The first 72 hours after a hospital discharge are the most critical for preventing readmission. Depending on staff availability and your specific location, we can often perform a rapid intake assessment and have care started within 24 to 48 hours. Please call us immediately so we can coordinate directly with the hospital's discharge planner.
Costs & Insurance (New York Specific)
Does Medicare pay for long-term home care?
This is the most common misconception families face. Medicare does not pay for long-term custodial home care (like home health aides for bathing, dressing, and meal prep). Medicare only covers short-term, skilled medical care (like physical therapy or visiting nurses) for a limited time after a hospital stay. Long-term home care is typically paid for out-of-pocket, through Long-Term Care Insurance, or via Medicaid.
Do you accept Medicaid or Managed Long-Term Care (MLTC) plans?
Yes. In New York, long-term home care for Medicaid recipients is managed through MLTC plans. We work closely with several major MLTCs. If you are currently applying for Medicaid, we can provide private-pay care in the interim and help guide you toward resources for navigating the New York MLTC assessment process.
What is CDPAP, and do you support it?
The Consumer Directed Personal Assistance Program (CDPAP) is a New York State Medicaid program that allows you to hire and manage your own caregivers—including family members or friends. If you are interested in CDPAP, our team can explain how the payroll and compliance process works so you can get your chosen caregiver enrolled and paid.
How much does private-pay home care cost?

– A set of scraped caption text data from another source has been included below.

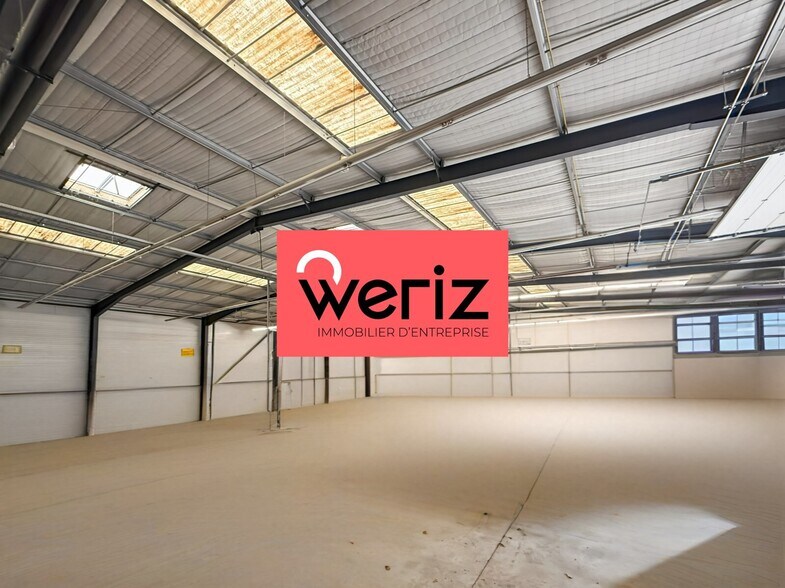 Industrial in Aix-en-Provence for lease - Building Photo - Image 2 of 11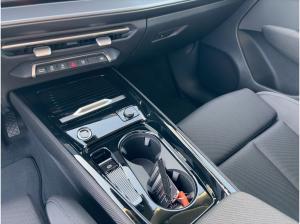Audi Q3 SUV TFSI S-LINE+AHK+TECH PLUS+LED+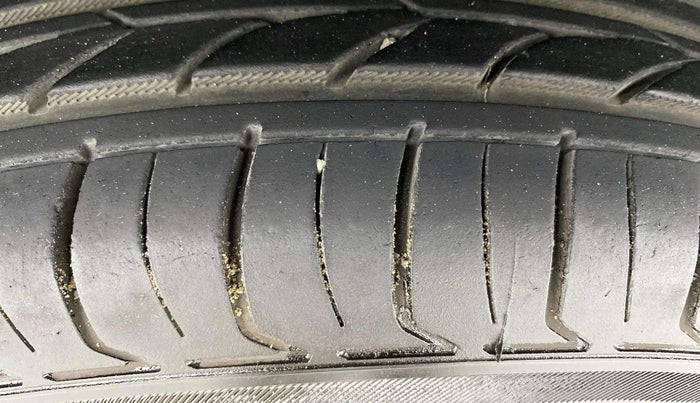 2015 Maruti Swift Dzire VXI, Petrol, Manual, 52,274 km, Left Rear Tyre Tread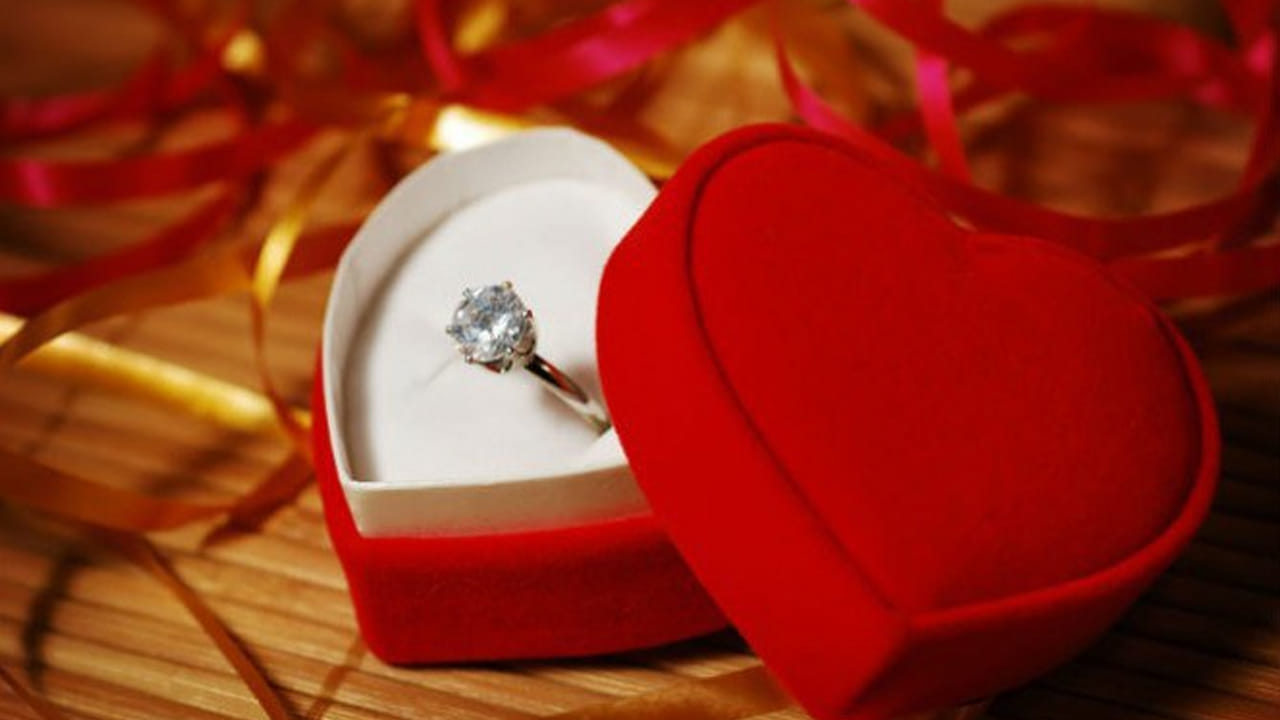 ముఖ్యంగా ఈ రోజు తమ భాగస్వామికి అద్భుతమైన కానుకలు ఇచ్చి, ఆశ్చర్య పరుస్తారు. అయితే ఈ వాలెంటైన్స్‌ డేకు మీరు కూడా మీ భాగస్వామికి బహుమతులు ఇవ్వాలి అనుకుంటున్నారా? ముఖ్యంగా చేతికి అందాన్ని ఇచ్చే రింగ్స్ ఇవ్వాలి అని ఆలోచిస్తున్నారా? అయితే మీ  మీ ప్రేమను తెలుపుతూ, మీ ప్రేమకు చిహ్నంగా ఉండే అద్భుతమైన రింగ్స్ ఏవో ఇప్పుడు చూద్దాం.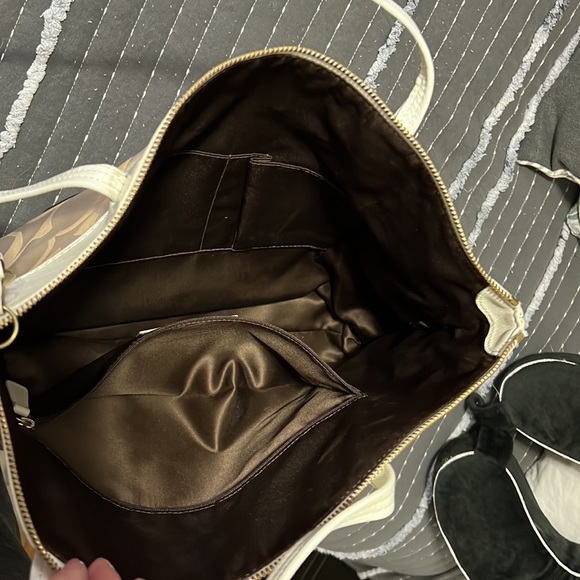 White Coach Tote Bag- light used. - Picture 9 of 9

Costs vary based on the level of care (companion vs. personal care vs. nursing), the number of hours per day, and your location. A personalized care plan is not one-size-fits-all. During our initial free consultation, we help you build a realistic monthly estimate that accounts for your baseline needs, high-risk times of day, and your family budget.
Types of Care & Daily Logistics
What is the difference between a companion, a home health aide, and a nurse?
- Companions provide hands-off support: meal preparation, light housekeeping, medication reminders, and transportation.
- Home Health Aides (HHAs) provide hands-on personal care: assistance with bathing, dressing, toileting, and safe transfers from bed to chair.
- Skilled Nurses (RNs/LPNs) provide medical care: wound care, IV medications, feeding tube management, and complex health monitoring.
Will my loved one have the same caregiver every day?
Consistency is a core part of our care philosophy. Having a revolving door of strangers is confusing for seniors and stressful for families. While we always have backup caregivers ready in case of illness or emergencies, our goal is to build a dedicated, consistent core team (usually 1 to 3 caregivers, depending on your weekly hours) who know your loved one's routines perfectly.
How do you handle medical emergencies or falls?
Our caregivers are trained in safe transfer protocols and emergency escalation. Your family will have a clearly documented Care Plan that dictates exactly what to do in various scenarios. If a non-urgent issue arises, we notify family and the primary care doctor. If a critical red flag occurs (like a head strike or chest pain), caregivers are trained to call 911 immediately and notify the family lead.
Can your caregivers drive my parent to doctor appointments?
Yes. Caregivers can either drive your loved one in the family's vehicle (provided proper insurance is in place) or accompany them via ride services or medical transport. Having a caregiver in the waiting room and the exam room ensures the doctor's instructions are correctly documented and added to the home care plan.